BEGIN

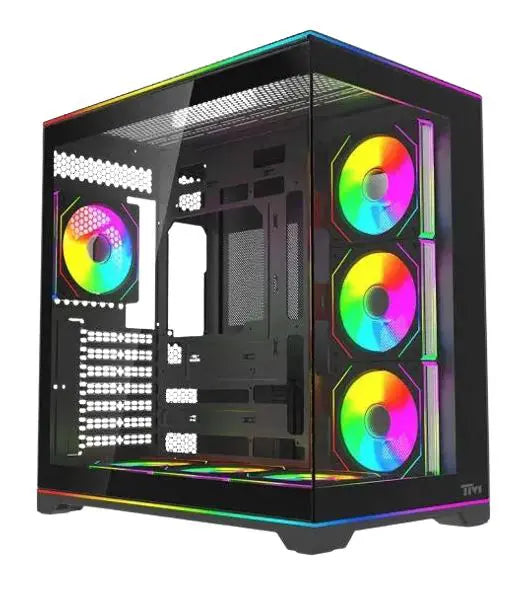 Twisted Minds RAMPAGE Gaming Case Mid Tower - Black (7ARGB Fans Included) TM-RAMPAGE-B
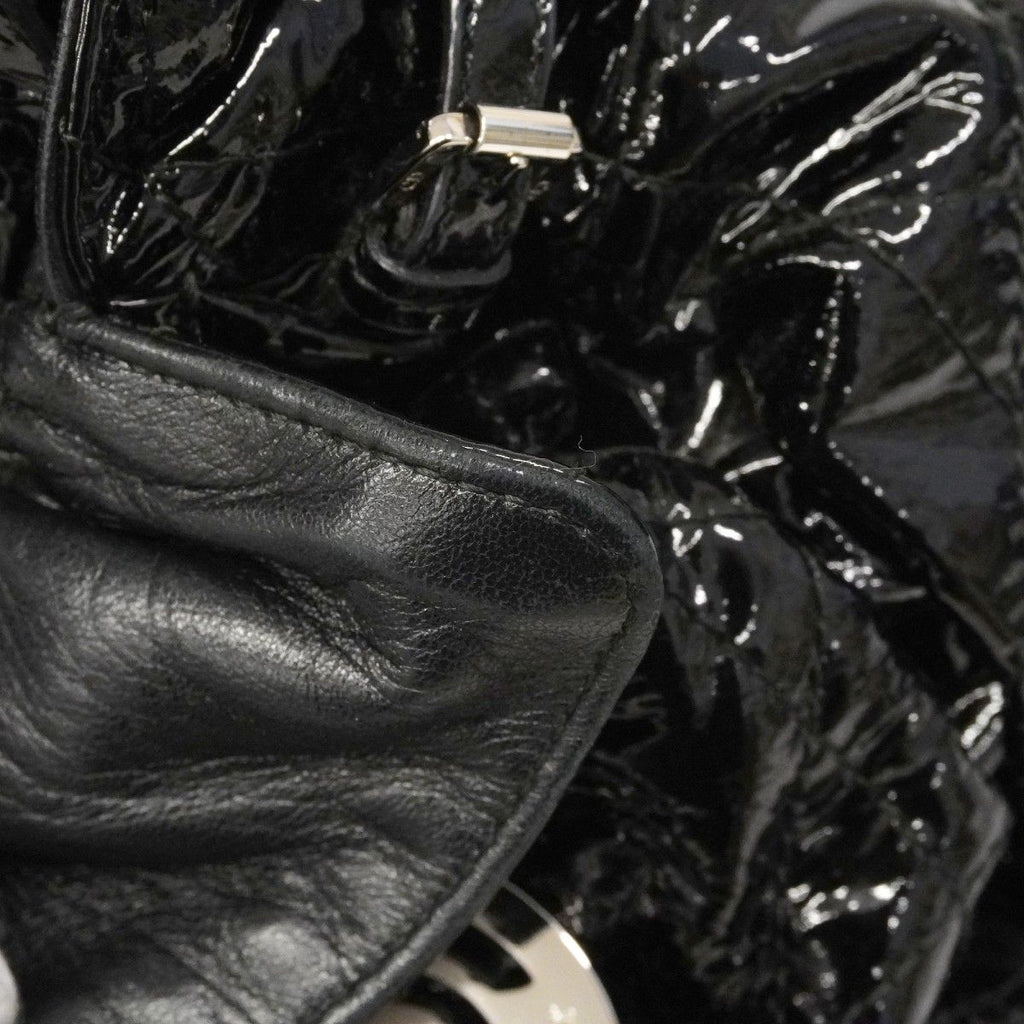 Dior Handbag Cannage Enamel Black Silver — view 8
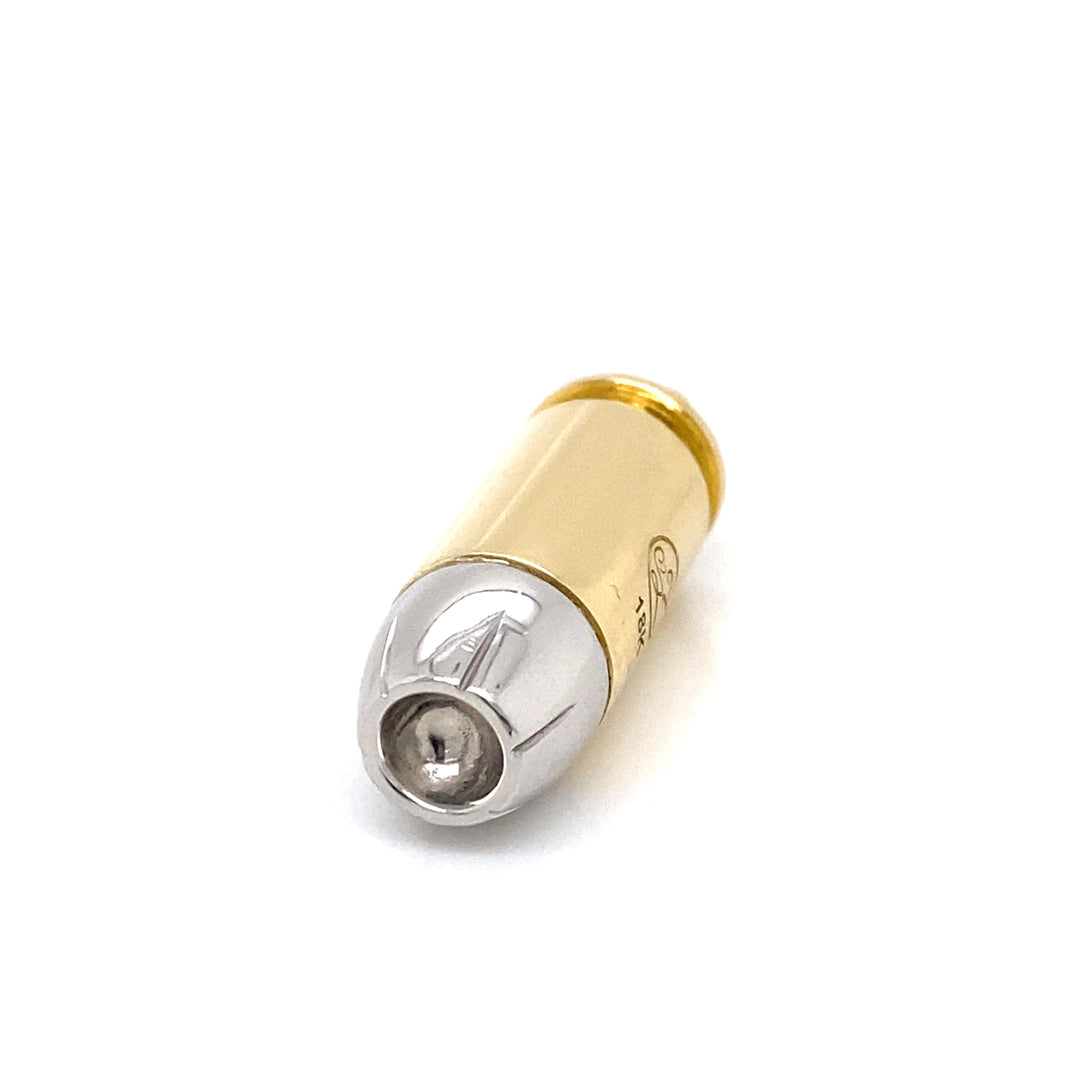 18K Gold &amp; Platinum Bullet Diamond Pendant Necklace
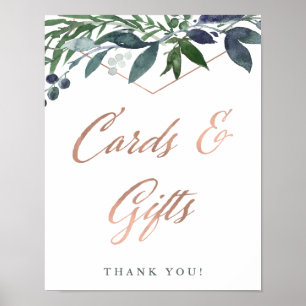 Poster Geo vert Cartes et cadeaux de mariage Rose Gold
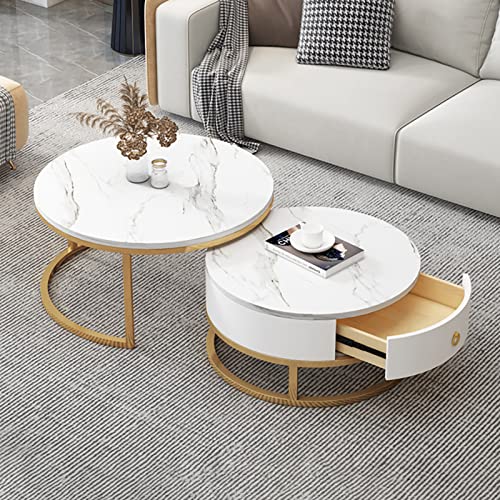 DGDHHSFJDJ Juego de 2 mesas de Centro Redondas de mármol con cajón y Estructura de Metal Resistente: mesas auxiliares Sala de Estar y Dormitorio, diseño Moderno para la decoración del ho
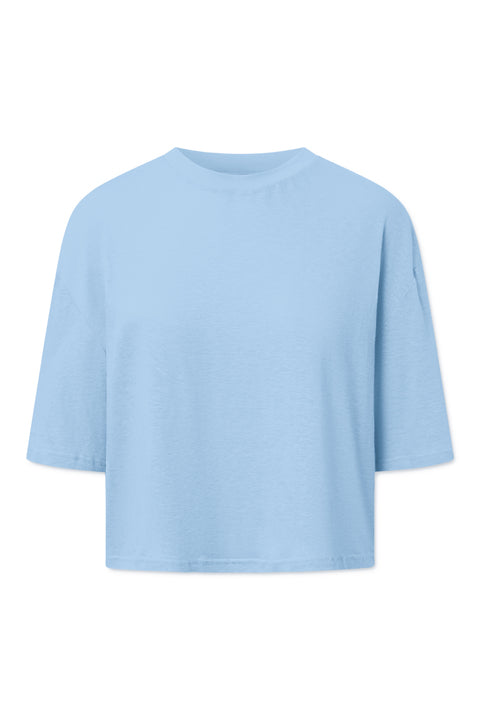 Rue de Tokyo TORI LIGHT LINEN JERSEY T-SHIRTS LIGHT BLUE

END

The lines to repeat run from the line containing "18K Gold &amp;" through the end of the listing above, both included; give them exactly and without pictures.

 18K Gold &amp; Platinum Bullet Diamond Pendant Necklace
 Poster Geo vert Cartes et cadeaux de mariage Rose Gold
 DGDHHSFJDJ Juego de 2 mesas de Centro Redondas de mármol con cajón y Estructura de Metal Resistente: mesas auxiliares Sala de Estar y Dormitorio, diseño Moderno para la decoración del ho
 Rue de Tokyo TORI LIGHT LINEN JERSEY T-SHIRTS LIGHT BLUE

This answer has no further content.